Electronic devices should be robust and easily repairable -- and laws should encourage or enforce this, members of the European Parliament said Tuesday.
They want to end the planned obsolescence of consumer electronics devices and software -- which are often also used as business tools thanks to the consumerization of IT.
One of their recommendations could help avoid a repeat of the Galaxy Note7 debacle: Batteries should be removable unless safety dictates that they be glued into the product.

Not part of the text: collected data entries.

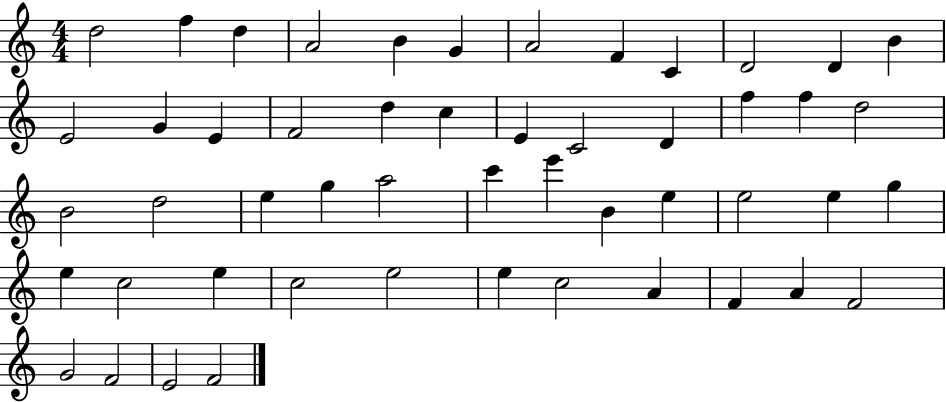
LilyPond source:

{
  \clef treble
  \numericTimeSignature
  \time 4/4
  \key c \major
  d''2 f''4 d''4 | a'2 b'4 g'4 | a'2 f'4 c'4 | d'2 d'4 b'4 | \break e'2 g'4 e'4 | f'2 d''4 c''4 | e'4 c'2 d'4 | f''4 f''4 d''2 | \break b'2 d''2 | e''4 g''4 a''2 | c'''4 e'''4 b'4 e''4 | e''2 e''4 g''4 | \break e''4 c''2 e''4 | c''2 e''2 | e''4 c''2 a'4 | f'4 a'4 f'2 | \break g'2 f'2 | e'2 f'2 | \bar "|."
}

Samsung Electronics' task would have been a lot simpler if it had only had to exchange the faulty batteries, rather than recall and rework millions of devices.
When devices do break down, their owners shouldn't be forced to go back to the manufacturer for spares and service, the legislators said, approving aÂ resolutionÂ on the matter by 662 votes to 32 on Tuesday.

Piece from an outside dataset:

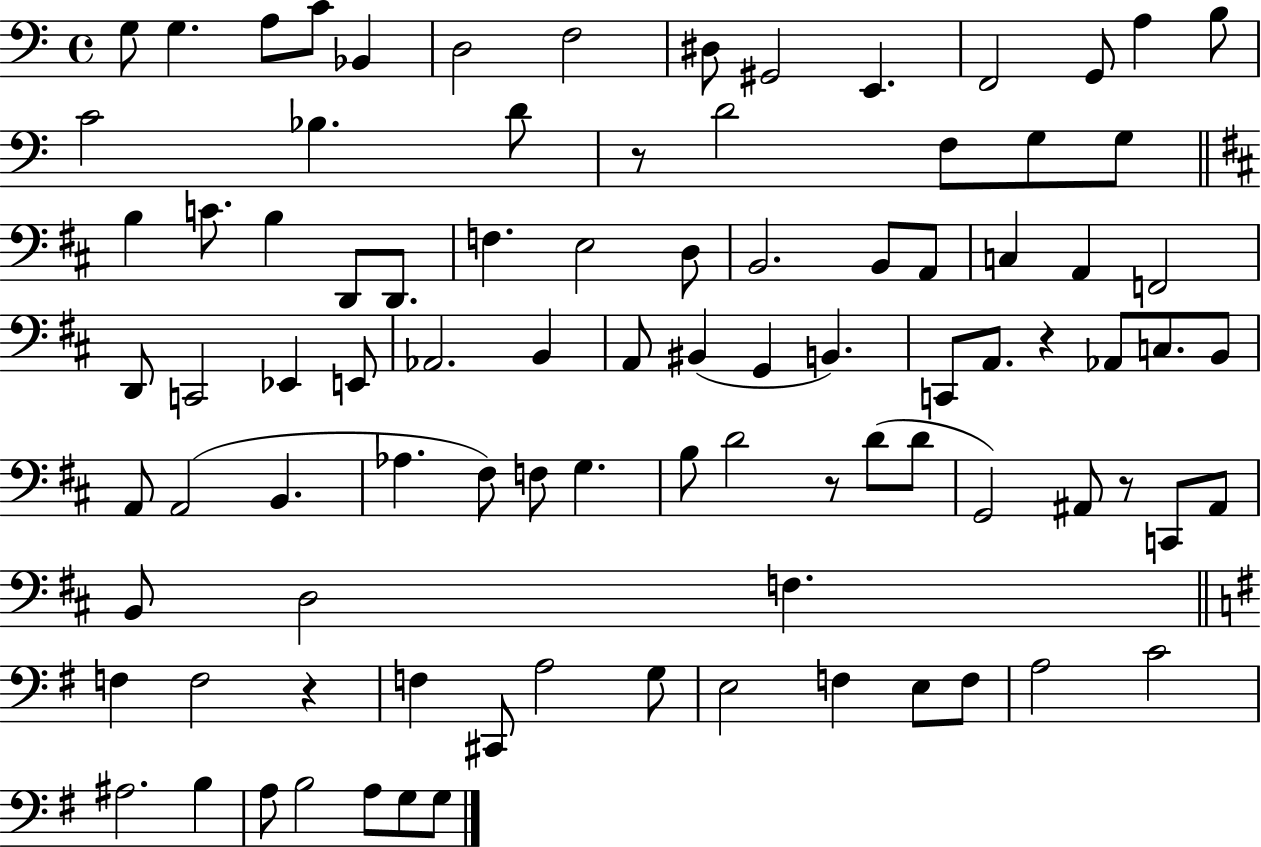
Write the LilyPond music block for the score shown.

Instead, manufacturers should allow owners to take faulty devices to independent repairers, and make essential spare parts available at a price appropriate to the product's lifespan and function. The use of technical obstacles such as software locks or strange screws should be discouraged.
That will be music to the ears of companies such as iFixit and SOSav, which offer repair tutorials and spare parts for popular smartphones in the face of resistance from manufacturers.

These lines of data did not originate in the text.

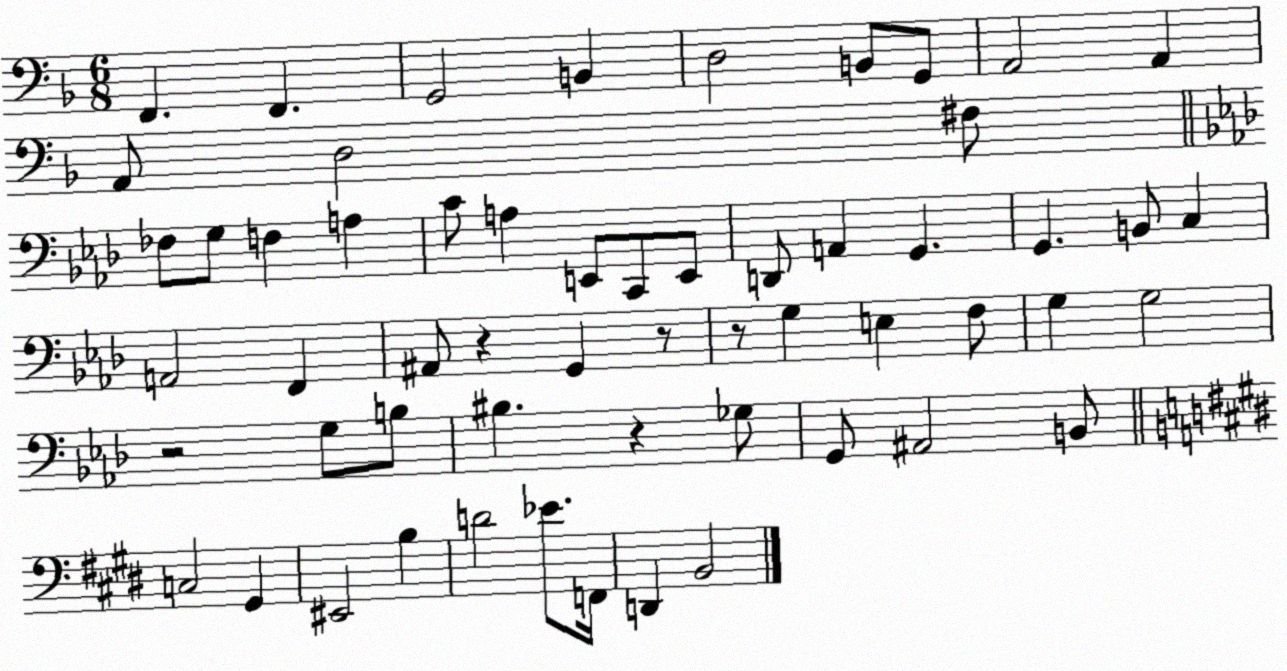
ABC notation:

X:1
T:Untitled
M:6/8
L:1/4
K:F
F,, F,, G,,2 B,, D,2 B,,/2 G,,/2 A,,2 A,, A,,/2 D,2 ^F,/2 _F,/2 G,/2 F, A, C/2 A, E,,/2 C,,/2 E,,/2 D,,/2 A,, G,, G,, B,,/2 C, A,,2 F,, ^A,,/2 z G,, z/2 z/2 G, E, F,/2 G, G,2 z2 G,/2 B,/2 ^B, z _G,/2 G,,/2 ^A,,2 B,,/2 C,2 ^G,, ^E,,2 B, D2 _E/2 F,,/4 D,, B,,2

The lawmakers want national governments around the EU to provide incentives to manufacturers to design more durable and repairable products, something they hope will boost second-hand sales and create jobs in Europe repairing older devices. That would give EU businesses a greater economic share in the lifetime revenue from such products, which today are often manufactured in Asia and designed there or in the U.S.
As an incentive to design repairable products, the parliamentarians want manufacturers to extend the warranty period if they take more than a month to repair a product under warranty.
Another of their ideas is to introduce a labelling program scoring products on their durability and how easy they are to repair and upgrade. The program would be voluntary -- but with the pace of innovation in devices such as smartphones slowing down, buyers could well pay more attention to such scores than to minor design tweaks as they seek to make their purchases last longer.
It's not all about the hardware: The legislators also point out that many devices could be kept out of landfill if manufacturers were required to issue security updates for software for longer than they do now.
Whether Parliament will get anywhere with this attempt to patch up EU law remains to be seen. It does not have the power to propose legislation: that lies with the European Commission. However, the vote sends the Commission a clear signal as to what kind of legislation would meet with its approval.